** What is needed **
For each line of the material, write out an exact copy.

Segment Start: Data to process

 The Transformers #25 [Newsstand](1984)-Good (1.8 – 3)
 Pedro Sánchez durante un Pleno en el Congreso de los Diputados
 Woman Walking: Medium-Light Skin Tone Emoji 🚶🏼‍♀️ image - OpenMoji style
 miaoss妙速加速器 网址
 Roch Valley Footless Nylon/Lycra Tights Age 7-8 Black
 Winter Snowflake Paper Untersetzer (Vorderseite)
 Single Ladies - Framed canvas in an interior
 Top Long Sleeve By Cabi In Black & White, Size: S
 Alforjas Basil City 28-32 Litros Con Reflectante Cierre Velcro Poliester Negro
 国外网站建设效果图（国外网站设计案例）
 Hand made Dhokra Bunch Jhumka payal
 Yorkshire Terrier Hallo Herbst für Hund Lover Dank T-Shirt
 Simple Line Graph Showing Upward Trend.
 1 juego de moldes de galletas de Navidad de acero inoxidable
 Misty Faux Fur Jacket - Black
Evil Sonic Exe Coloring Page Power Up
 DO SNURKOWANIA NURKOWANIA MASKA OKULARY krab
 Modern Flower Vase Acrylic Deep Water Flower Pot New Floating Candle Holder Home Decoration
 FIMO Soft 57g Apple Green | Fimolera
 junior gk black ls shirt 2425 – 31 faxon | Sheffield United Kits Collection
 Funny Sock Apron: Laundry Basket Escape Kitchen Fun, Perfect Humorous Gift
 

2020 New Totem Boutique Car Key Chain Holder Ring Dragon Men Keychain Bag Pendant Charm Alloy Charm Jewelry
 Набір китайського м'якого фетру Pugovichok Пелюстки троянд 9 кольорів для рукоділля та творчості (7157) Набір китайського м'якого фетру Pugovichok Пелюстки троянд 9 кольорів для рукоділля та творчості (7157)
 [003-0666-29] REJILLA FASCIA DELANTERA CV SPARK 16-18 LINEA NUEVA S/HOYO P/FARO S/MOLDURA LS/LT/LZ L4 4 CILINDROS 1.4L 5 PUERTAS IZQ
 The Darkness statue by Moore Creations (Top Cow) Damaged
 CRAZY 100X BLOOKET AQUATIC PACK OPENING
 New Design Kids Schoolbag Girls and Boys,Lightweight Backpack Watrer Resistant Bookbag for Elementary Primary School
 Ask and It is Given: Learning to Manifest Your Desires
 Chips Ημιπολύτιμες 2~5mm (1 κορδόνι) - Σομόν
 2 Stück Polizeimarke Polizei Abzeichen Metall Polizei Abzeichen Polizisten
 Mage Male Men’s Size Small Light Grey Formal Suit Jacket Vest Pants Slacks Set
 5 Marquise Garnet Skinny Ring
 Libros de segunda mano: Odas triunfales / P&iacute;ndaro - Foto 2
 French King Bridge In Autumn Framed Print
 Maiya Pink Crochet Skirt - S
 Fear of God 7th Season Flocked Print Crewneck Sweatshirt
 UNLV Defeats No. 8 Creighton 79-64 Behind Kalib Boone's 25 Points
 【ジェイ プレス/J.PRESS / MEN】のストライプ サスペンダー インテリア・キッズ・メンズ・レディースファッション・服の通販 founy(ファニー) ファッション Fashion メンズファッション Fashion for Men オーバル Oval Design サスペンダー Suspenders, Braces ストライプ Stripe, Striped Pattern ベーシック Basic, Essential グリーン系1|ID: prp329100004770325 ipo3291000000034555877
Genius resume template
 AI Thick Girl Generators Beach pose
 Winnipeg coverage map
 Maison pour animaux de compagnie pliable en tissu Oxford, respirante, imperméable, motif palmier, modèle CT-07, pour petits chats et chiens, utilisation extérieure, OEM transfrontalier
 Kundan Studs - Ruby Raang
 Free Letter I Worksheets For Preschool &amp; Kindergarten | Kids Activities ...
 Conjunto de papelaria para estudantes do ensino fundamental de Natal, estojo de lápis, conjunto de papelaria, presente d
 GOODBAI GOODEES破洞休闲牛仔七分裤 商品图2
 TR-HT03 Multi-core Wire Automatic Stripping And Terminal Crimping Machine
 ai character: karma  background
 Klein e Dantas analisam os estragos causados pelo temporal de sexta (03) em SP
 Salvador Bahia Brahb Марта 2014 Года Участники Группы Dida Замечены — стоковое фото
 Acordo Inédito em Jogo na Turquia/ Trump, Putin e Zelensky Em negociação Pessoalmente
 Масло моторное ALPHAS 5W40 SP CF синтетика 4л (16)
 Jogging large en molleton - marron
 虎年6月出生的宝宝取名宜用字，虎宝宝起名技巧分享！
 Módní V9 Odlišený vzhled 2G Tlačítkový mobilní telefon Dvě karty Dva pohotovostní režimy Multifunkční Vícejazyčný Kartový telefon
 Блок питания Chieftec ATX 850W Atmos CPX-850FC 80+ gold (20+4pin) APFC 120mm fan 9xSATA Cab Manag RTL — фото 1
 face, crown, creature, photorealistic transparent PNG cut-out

Segment End: Data to process

** Exercise result **
 The Transformers #25 [Newsstand](1984)-Good (1.8 – 3)
 Pedro Sánchez durante un Pleno en el Congreso de los Diputados
 Woman Walking: Medium-Light Skin Tone Emoji 🚶🏼‍♀️ image - OpenMoji style
 miaoss妙速加速器 网址
 Roch Valley Footless Nylon/Lycra Tights Age 7-8 Black
 Winter Snowflake Paper Untersetzer (Vorderseite)
 Single Ladies - Framed canvas in an interior
 Top Long Sleeve By Cabi In Black & White, Size: S
 Alforjas Basil City 28-32 Litros Con Reflectante Cierre Velcro Poliester Negro
 国外网站建设效果图（国外网站设计案例）
 Hand made Dhokra Bunch Jhumka payal
 Yorkshire Terrier Hallo Herbst für Hund Lover Dank T-Shirt
 Simple Line Graph Showing Upward Trend.
 1 juego de moldes de galletas de Navidad de acero inoxidable
 Misty Faux Fur Jacket - Black
Evil Sonic Exe Coloring Page Power Up
 DO SNURKOWANIA NURKOWANIA MASKA OKULARY krab
 Modern Flower Vase Acrylic Deep Water Flower Pot New Floating Candle Holder Home Decoration
 FIMO Soft 57g Apple Green | Fimolera
 junior gk black ls shirt 2425 – 31 faxon | Sheffield United Kits Collection
 Funny Sock Apron: Laundry Basket Escape Kitchen Fun, Perfect Humorous Gift
 

2020 New Totem Boutique Car Key Chain Holder Ring Dragon Men Keychain Bag Pendant Charm Alloy Charm Jewelry
 Набір китайського м'якого фетру Pugovichok Пелюстки троянд 9 кольорів для рукоділля та творчості (7157) Набір китайського м'якого фетру Pugovichok Пелюстки троянд 9 кольорів для рукоділля та творчості (7157)
 [003-0666-29] REJILLA FASCIA DELANTERA CV SPARK 16-18 LINEA NUEVA S/HOYO P/FARO S/MOLDURA LS/LT/LZ L4 4 CILINDROS 1.4L 5 PUERTAS IZQ
 The Darkness statue by Moore Creations (Top Cow) Damaged
 CRAZY 100X BLOOKET AQUATIC PACK OPENING
 New Design Kids Schoolbag Girls and Boys,Lightweight Backpack Watrer Resistant Bookbag for Elementary Primary School
 Ask and It is Given: Learning to Manifest Your Desires
 Chips Ημιπολύτιμες 2~5mm (1 κορδόνι) - Σομόν
 2 Stück Polizeimarke Polizei Abzeichen Metall Polizei Abzeichen Polizisten
 Mage Male Men’s Size Small Light Grey Formal Suit Jacket Vest Pants Slacks Set
 5 Marquise Garnet Skinny Ring
 Libros de segunda mano: Odas triunfales / P&iacute;ndaro - Foto 2
 French King Bridge In Autumn Framed Print
 Maiya Pink Crochet Skirt - S
 Fear of God 7th Season Flocked Print Crewneck Sweatshirt
 UNLV Defeats No. 8 Creighton 79-64 Behind Kalib Boone's 25 Points
 【ジェイ プレス/J.PRESS / MEN】のストライプ サスペンダー インテリア・キッズ・メンズ・レディースファッション・服の通販 founy(ファニー) ファッション Fashion メンズファッション Fashion for Men オーバル Oval Design サスペンダー Suspenders, Braces ストライプ Stripe, Striped Pattern ベーシック Basic, Essential グリーン系1|ID: prp329100004770325 ipo3291000000034555877
Genius resume template
 AI Thick Girl Generators Beach pose
 Winnipeg coverage map
 Maison pour animaux de compagnie pliable en tissu Oxford, respirante, imperméable, motif palmier, modèle CT-07, pour petits chats et chiens, utilisation extérieure, OEM transfrontalier
 Kundan Studs - Ruby Raang
 Free Letter I Worksheets For Preschool &amp; Kindergarten | Kids Activities ...
 Conjunto de papelaria para estudantes do ensino fundamental de Natal, estojo de lápis, conjunto de papelaria, presente d
 GOODBAI GOODEES破洞休闲牛仔七分裤 商品图2
 TR-HT03 Multi-core Wire Automatic Stripping And Terminal Crimping Machine
 ai character: karma  background
 Klein e Dantas analisam os estragos causados pelo temporal de sexta (03) em SP
 Salvador Bahia Brahb Марта 2014 Года Участники Группы Dida Замечены — стоковое фото
 Acordo Inédito em Jogo na Turquia/ Trump, Putin e Zelensky Em negociação Pessoalmente
 Масло моторное ALPHAS 5W40 SP CF синтетика 4л (16)
 Jogging large en molleton - marron
 虎年6月出生的宝宝取名宜用字，虎宝宝起名技巧分享！
 Módní V9 Odlišený vzhled 2G Tlačítkový mobilní telefon Dvě karty Dva pohotovostní režimy Multifunkční Vícejazyčný Kartový telefon
 Блок питания Chieftec ATX 850W Atmos CPX-850FC 80+ gold (20+4pin) APFC 120mm fan 9xSATA Cab Manag RTL — фото 1
 face, crown, creature, photorealistic transparent PNG cut-out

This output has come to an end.